Tantas leyes y reglamentos no han frenado las carretadas de dinero y dádivas diversas que “lubrican” las campañas electorales sin que exista ninguna rendición de cuentas, ese dinero compra conciencias, paga silencios, contratar granjas de bots que atacan adversarios y ensalzan a correligionarios. La fiscalía electoral, brilla por su ausencia elección tras elección.
Pero el objetivo que persigue López Obrador es otro. Si quisiera enderezar la ley que promovió y que ahora descalifica, podría promover una reforma y con los votos que ya tiene y unos pocos más la sacaría adelante. Pero no se trata de eso. Sabe que Salgado Macedonio no cumplió una regla esencial: reportar sus gastos de precampaña en tiempo y forma, tal como lo hicieron otros miles de candidatos de todos los partidos, incluyendo Morena. Eso no importa. El objetivo es amedrentar, humillar, amenazar al adversario desde el poder público.
Sus seguidores dirán con toda razón que eso mismo hicieron los gobernantes de pasadas administraciones, pero eso no es excusa para actuar de la misma forma, denotando revanchismo, rencor y deseo de venganza. Una venganza “sui generis”, que amedrenta, que no recurre a tribunales para enjuiciar a los verdaderamente responsables. Si se actuara con apego a derecho, se acabaría el drama, se correría el telón, terminaría el miedo que paraliza.

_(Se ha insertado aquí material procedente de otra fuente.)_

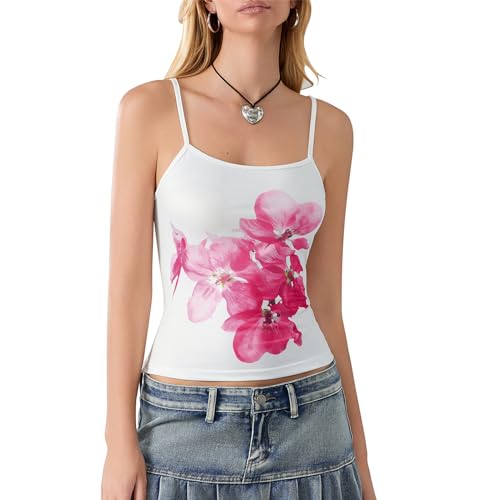 Damen-Tanktop mit Blumenmuster, Y2K, Spaghettiträger, rückenfrei, schmale...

Así se constituye “la Presidencia bully”, el ejecutivo que azorrilla a sus adversarios, muchos conocen bien la cola que les pueden pisar, por eso agachan la cabeza, el empresariado se agacha, los gobernadores ceden a cambio de participaciones federales y los líderes de oposición no son capaces de convocar la atención más modesta.

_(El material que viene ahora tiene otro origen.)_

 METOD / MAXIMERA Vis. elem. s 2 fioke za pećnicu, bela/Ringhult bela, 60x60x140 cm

Un señor de 87 años, otro de 80, uno más de 79 y un payaso irreverente parecen los únicos con autoridad moral para señalar fallos y excesos y para que ciertos sectores de la sociedad los medio escuchen. Pero Porfirio Muñoz Ledo, Diego Fernández de Cevallos, Roger Bartra y Brozo no podrán enderezar este barco, no pueden, no es su función y no es su tiempo. Pero debemos estar agradecidos por el servicio que prestan a la Patria, constituyen el último eslabón visible de cierta dignidad democrática frente a lo que parece la evidente tentación autoritaria de López. No termina de materializarse, pero parece que hacia allá se encamina.